Kris Rydland paused, as she always does before receiving her medal. Her hands in a thanks position.
The Chaska head coach kept telling people before the season this was the team she's been waiting for.
That pause was a reflection on the moment, a third-place finish in Class AAA at the Target Center in downtown Minneapolis, the first state medal since 2016 for Chaska.
It was a reflection on the season. A conference championship. A 13th straight qualification into the state meet in high kick.
In the end, it wasn't the song. It wasn't the beautiful choreography. It wasn't the costumes. It wasn't the placing at state. It was the girls that Rydland was waiting for.
It was seniors, three that were multi-year captains in Kianne Bouavichith, Carmen Fix and Courtney Rydeen, that took ownership in the team. Held leadership conferences with their teammates every week.
It was 19 returning kick members, a team that came together as one with new members this season.
"These were the girls we needed to have for this strong of a finish. It's hard to keep up with the teams with 3,000-student enrollment. When you have girls like this, you can do it. Their dedication, their drive, they're all around good humans more than anything else," Rydland said.
For Fix, who finished out her five-year run on the dance team with the same white ribbon and third-place medal that she did in 2016 as an eighth grader, this was a season she and her teammates built up to.
Every year's state experience took them to a higher place.
"Everything about this year has been different than any other year. Something about this team that has been unique. Something I've never experienced before," Fix said. "Walking on the floor tonight, we just felt completely confident. There was nothing more we could have done heading into our state performance."
It didn't matter our placing, we had a performance of a lifetime and that is what made tonight so special," she added.
Third behind Eastview and Wayzata following the afternoon preliminaries Feb. 15, a half-point in the judges' average away from the defending champion Trojanettes, Chaska saw its finals scores jump two points, an average of 91.37.
Wayzata posting an average of 91.62.
When it came to ranking score, Chaska and Wayzata both had 12. Four judges had Chaska higher, four had Wayzata higher. A tie.
The tie-breaker going to Wayzata as Chaska tied Brainerd on one judge sheet.

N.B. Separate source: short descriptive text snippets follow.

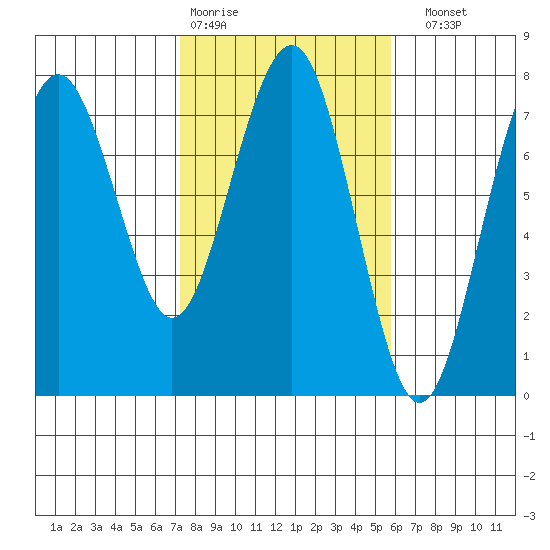 Pacific Beach tide chart for Wednesday, February 18, 2026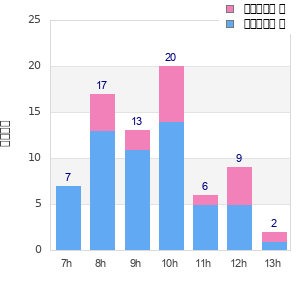 Performance distribution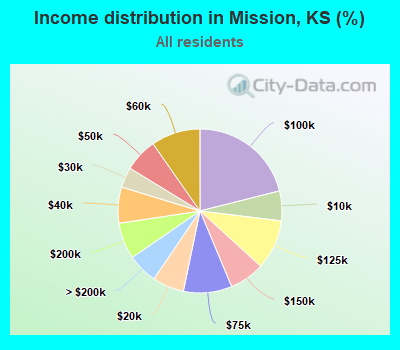 Income distribution in Mission, KS (%)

Second, third, it all seemed the same to the Chaska team based on their reactions. Pure joy. The expressions on their faces said it all.

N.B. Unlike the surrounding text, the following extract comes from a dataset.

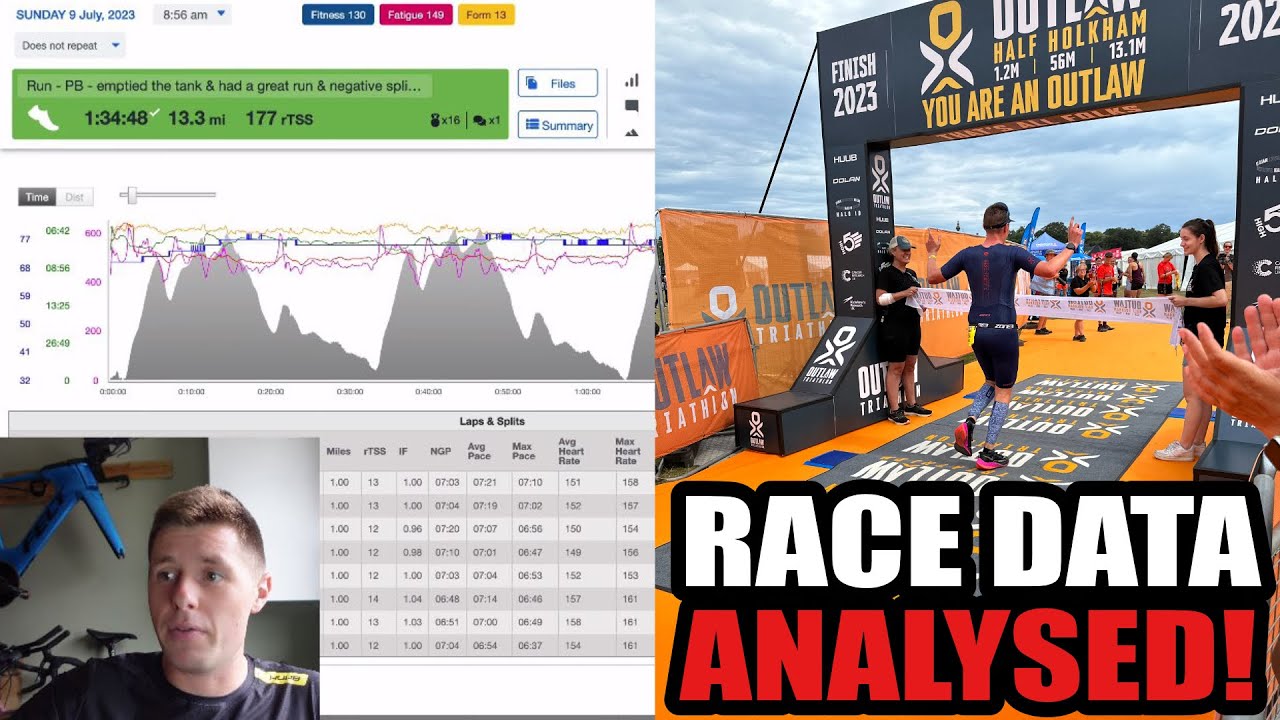 Полный анализ данных гонки Outlaw Half Holkham 4 часа 30 минут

"Last year they were amazing leaders but they became stronger this year," Rydland said of the captains. "There was never a point where we had to regroup or come up with a new plan. We just kept going up, up, up. The trust they have in one another and the unity we have as a team. It's truly we do this together, we get better together."
Eastview, shutout from a state title in 2019, swept the jazz and kick competitions, scores in the mid-90s in the finals in kick.
Brainerd, Lakeville North and Prior Lake rounded out the top six kick teams.
For Fix, growing up watching her sister, Greta, win state titles with Chaska. Growing up watching the 2014 and 2015 teams, their leadership, leaving that part of the legacy was much more important to her than medals, or honors.
Leadership, strength, power, across all grades on the team, is what allows Chaska year in and year out to compete with the big schools in Class 3A.
"We just have a lot of trust and love in the teams that are coming ahead. We feel like we've learned from such great leaders before us and we were able to take the team we were given and take them to new places. We feel so comfortable and confident in leaving them next year. We have a really experienced junior class, very experienced junior leaders, that will do amazing things.
"We hope the example we've set these past few years will carry them on to great things," Fix added.